## Exercise materials:
=== Begin Enclosure ===

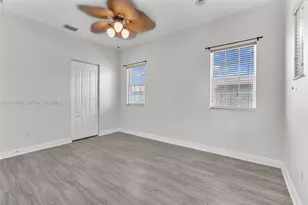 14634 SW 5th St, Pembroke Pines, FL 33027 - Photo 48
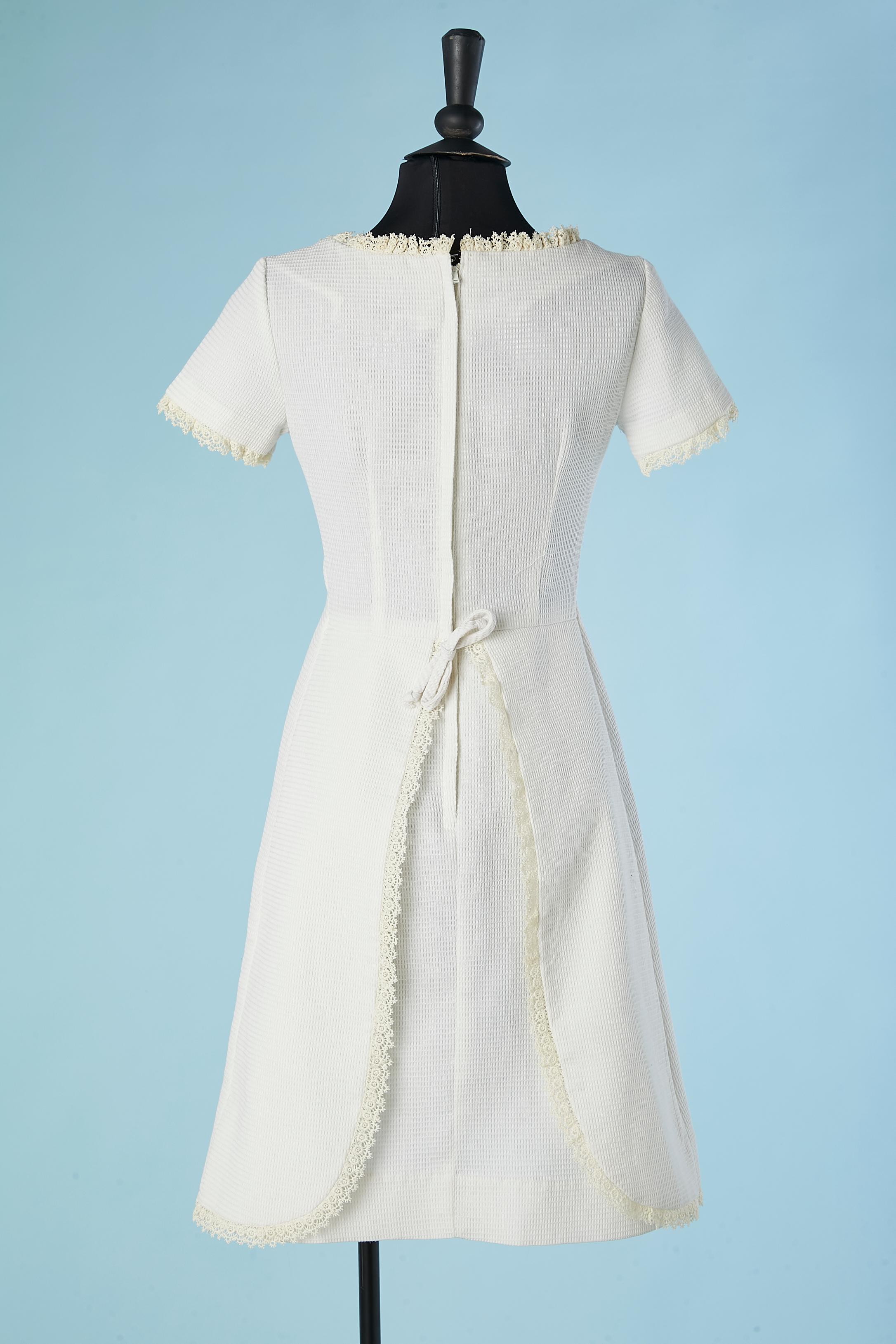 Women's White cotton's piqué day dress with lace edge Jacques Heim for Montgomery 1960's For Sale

=== End Enclosure ===
=== Begin Enclosure ===

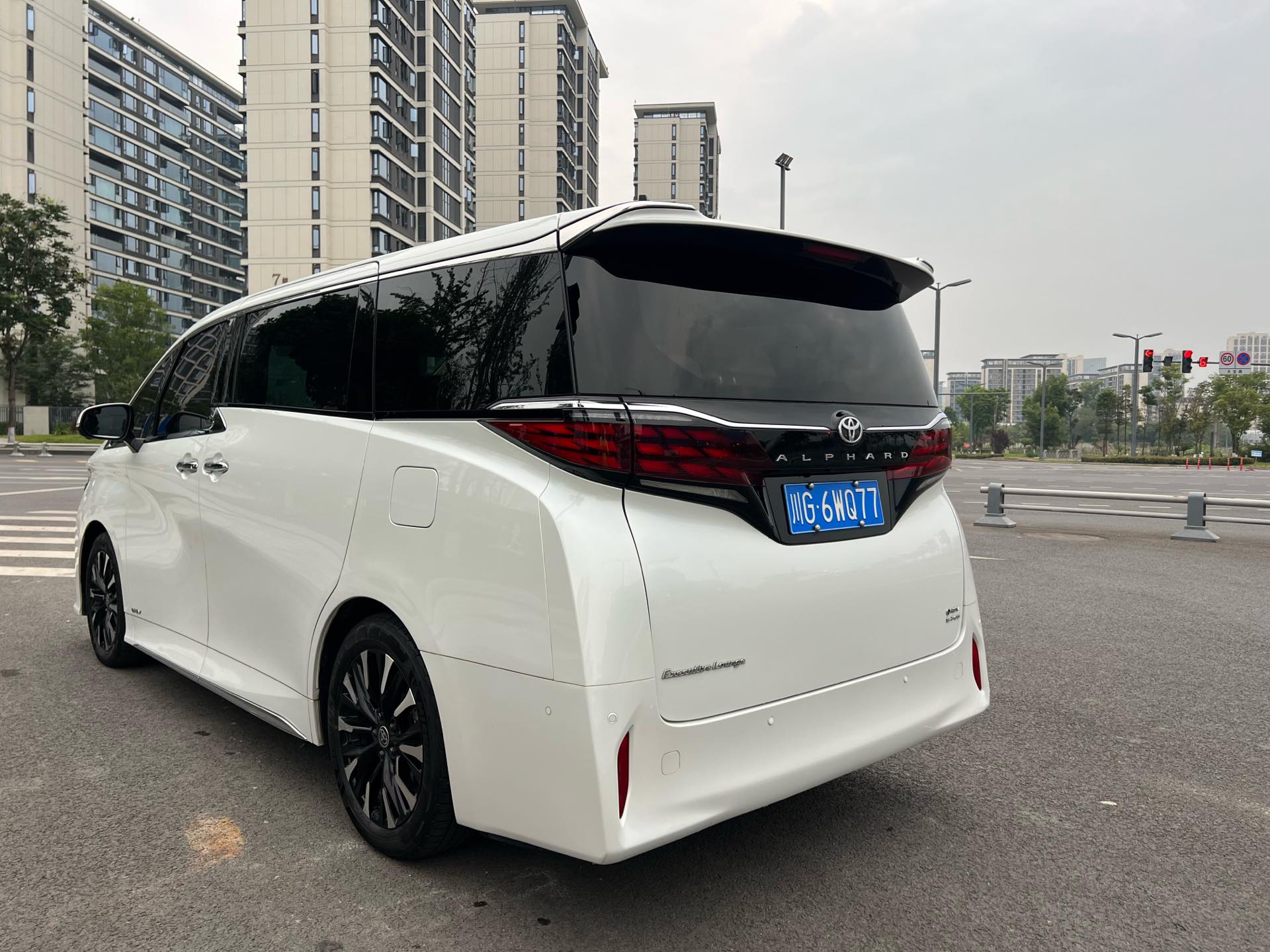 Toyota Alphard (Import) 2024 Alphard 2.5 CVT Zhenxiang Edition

=== End Enclosure ===

## How to complete this task:
When you reach the line containing "14634 SW 5th" in the entries above, begin restating word for word, and stop once the line containing "Women's White cotton's" has been given. Omit the pictures.

## Solution to this exercise:
 14634 SW 5th St, Pembroke Pines, FL 33027 - Photo 48
 Women's White cotton's piqué day dress with lace edge Jacques Heim for Montgomery 1960's For Sale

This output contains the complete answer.